His final trip toward the finish line has not been easy; however, the career of CC Sabathia has been nothing short of remarkable.  During his eight-seasons in Cleveland, Sabathia compiled a 106-71 record, giving him a .599 winning percentage and a respectable American League ERA of 3.83 with a WHIP (Walk and Hits per Innings Pitched) of 1.265.  During the 2008 season, Sabathia was traded to Milwaukee to help them with his playoff push.  It was during that time that CC did some of his best work, going 11-2 with a 1.65 ERA and a WHIP barely over 1.00 while often pitching on three-days rest in September to help the team even more.  His success has continued in New York where he is 132-83 in pinstripes, a .614 winning percentage with an amazingly consistent WHIP of 1.264.

In the modern era, 250 victories for a pitcher will be equal to what 300 once was during the era of four-man rotations and 40 starts a season; the increase use of bullpen pitchers has also hurt starters since many are pulled from games with a lead, only to watch it given up by someone else.

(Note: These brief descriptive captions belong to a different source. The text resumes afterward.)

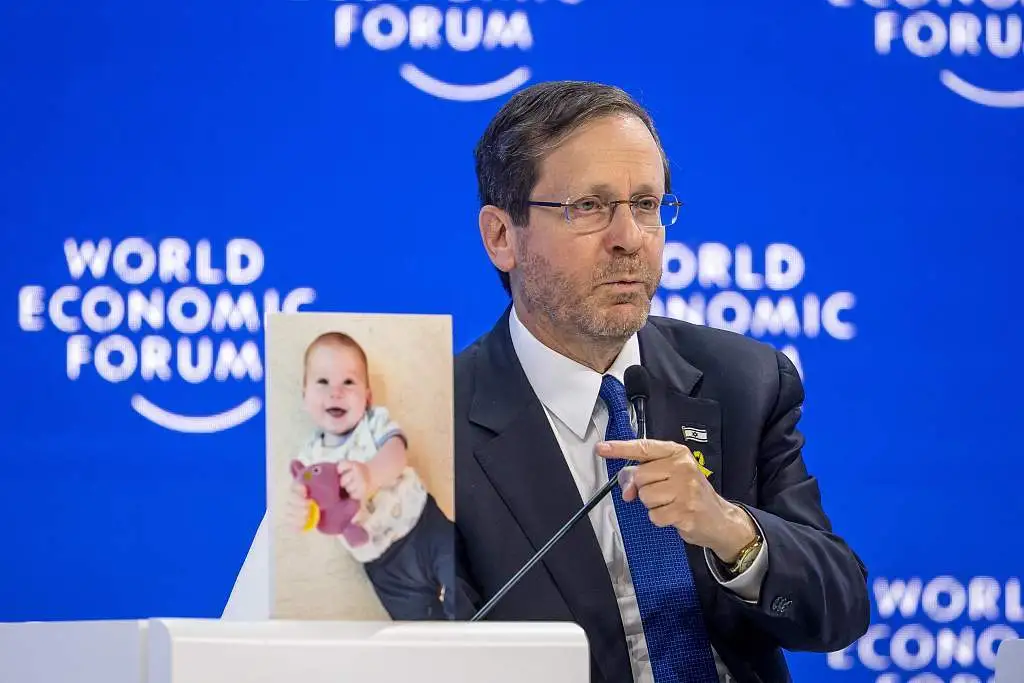 ����ʱ��1��18�գ�����˹��̳����ڼ䣬��ɫ����ͳ�ڽ�����չʾ������˹������10���´��Ӥ������Ƭ ͼ���Ӿ��й�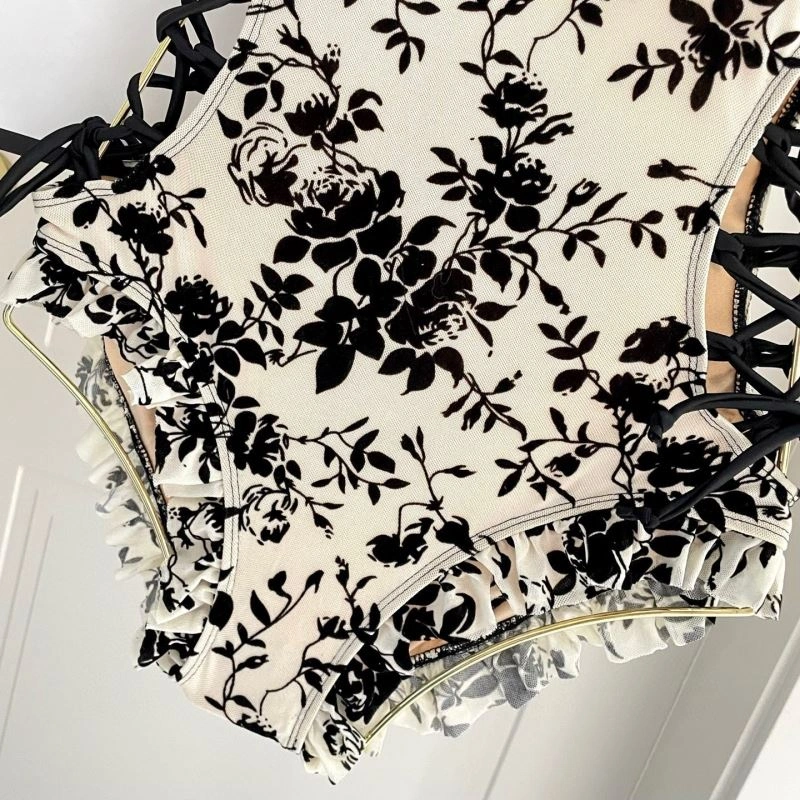 Elegant Chanel Bikins 256428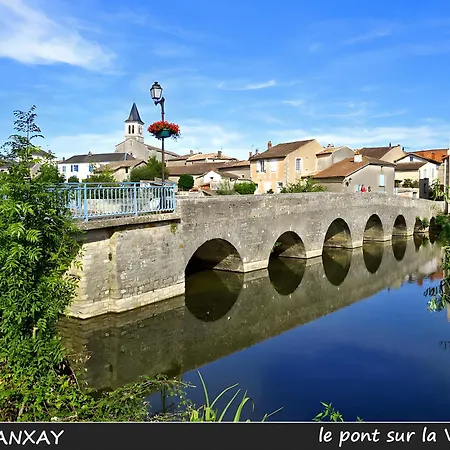 ベッド・アンド・ブレックファスト Domaine De La Briouse Sanxay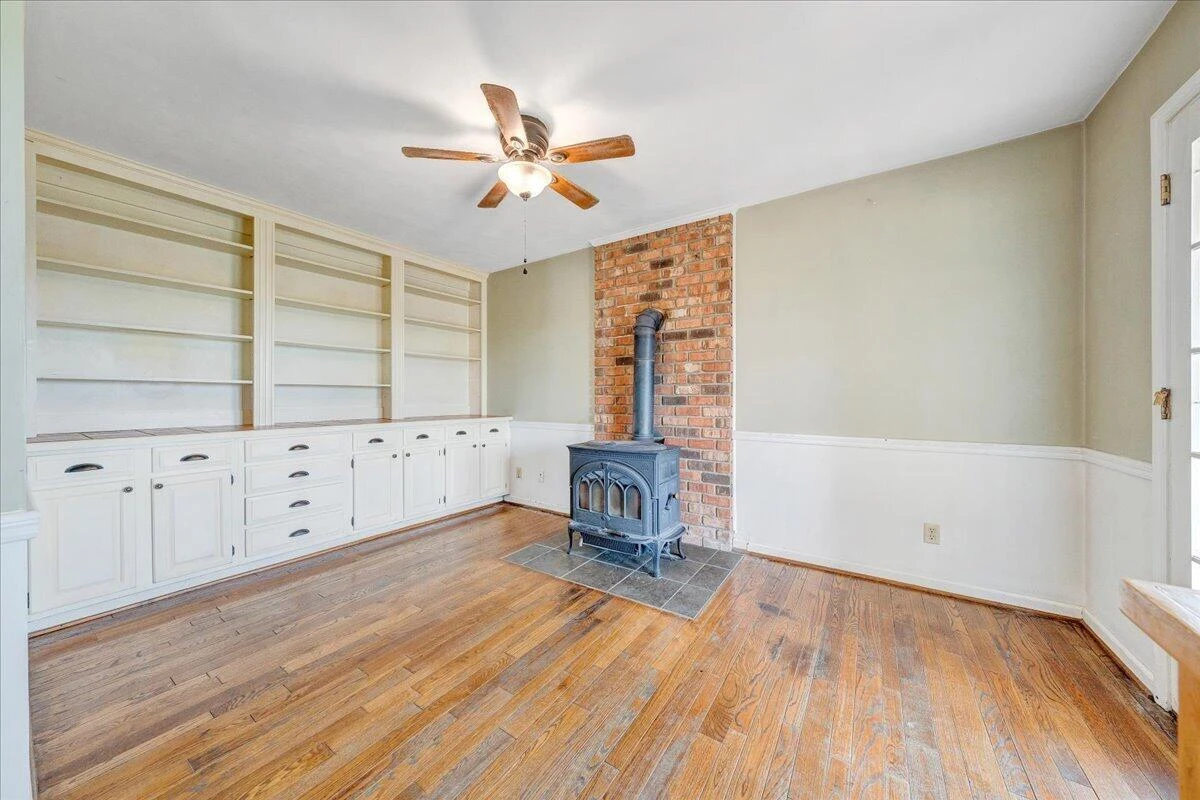 452 Country Club RD - Photo 11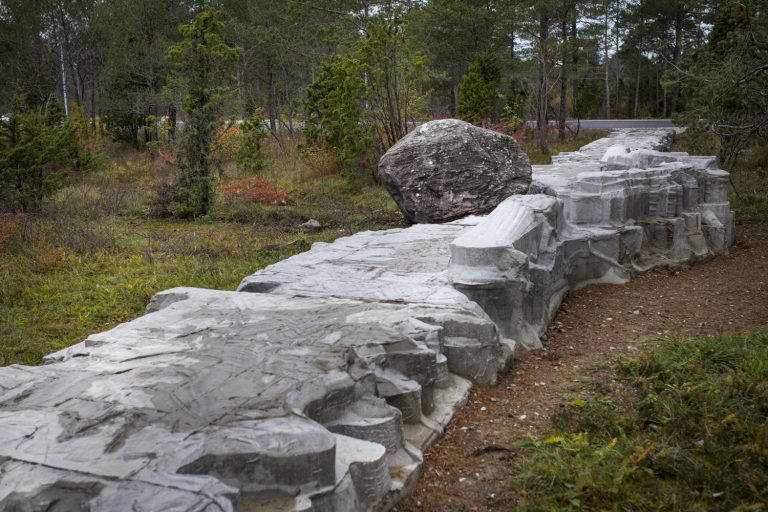 En väg gjord av cement 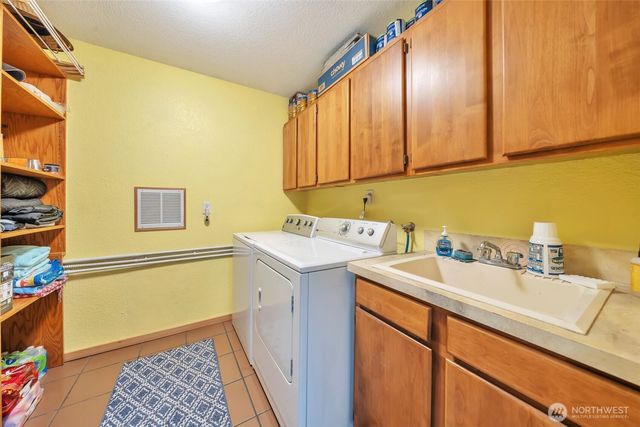 4015 Boardman Court NW, Olympia, WA 98502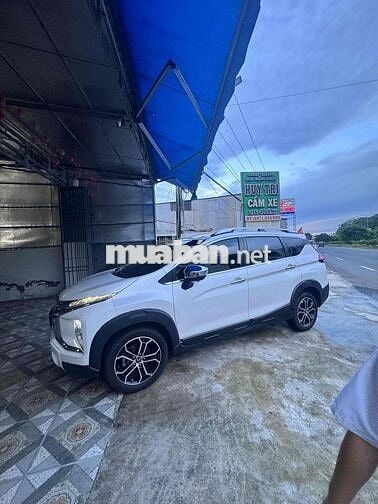 cần bán  xpander cross.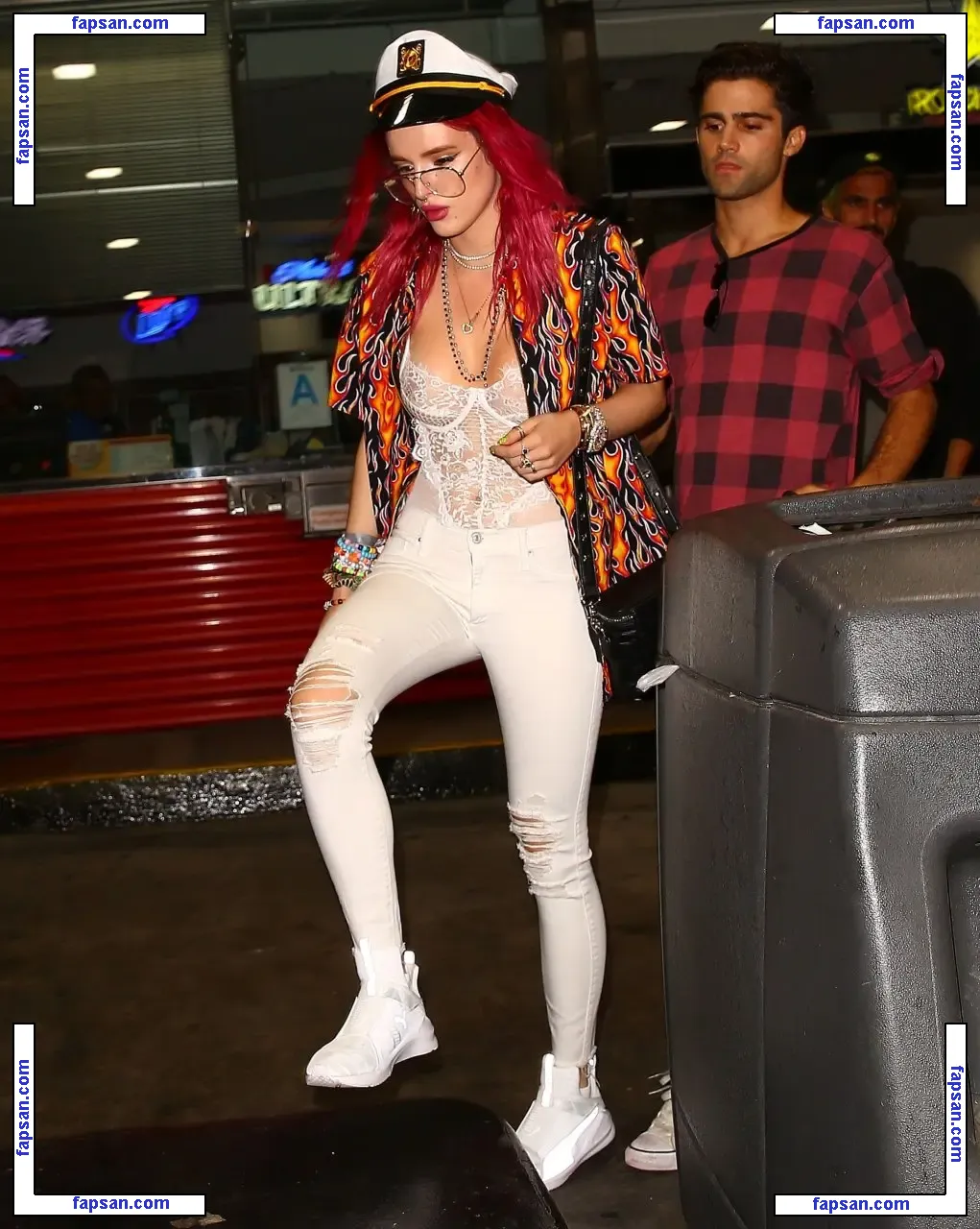 Bella Thorne голая фото #2556 с Онлифанс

Above all the numbers too is the leadership that CC Sabathia has provided for his teammates, especially over the last 11 seasons with the New York Yankees.  He teaches young players how to be professional players and teammates as well as being a spokesperson for the team when things are going well or badly.  He puts the team first above his own goals, such as last year when he put at risk a $500K bonus to make sure a member of the Tampa Bay Rays was hit after one of his own teammates were hit.  The retaliation caused him to get toss from a game that he needed to pitch enough innings to reach an incentive clause in his contract, falling short of the total number needed to collect the bonus.  The Yankees, to their credit, paid the bonus anyway.

While his numbers may not jump off the page to some baseball fans and Hall of Fame voters, having seen CC Sabathia pitch and how he handled himself off the field makes it easy for me to want to see him have his day in Cooperstown.  I feel his talents merit such an honor and I believe he should and will have his day in the Upstate New York sun the same way he had so many days in the New York City and Cleveland sun.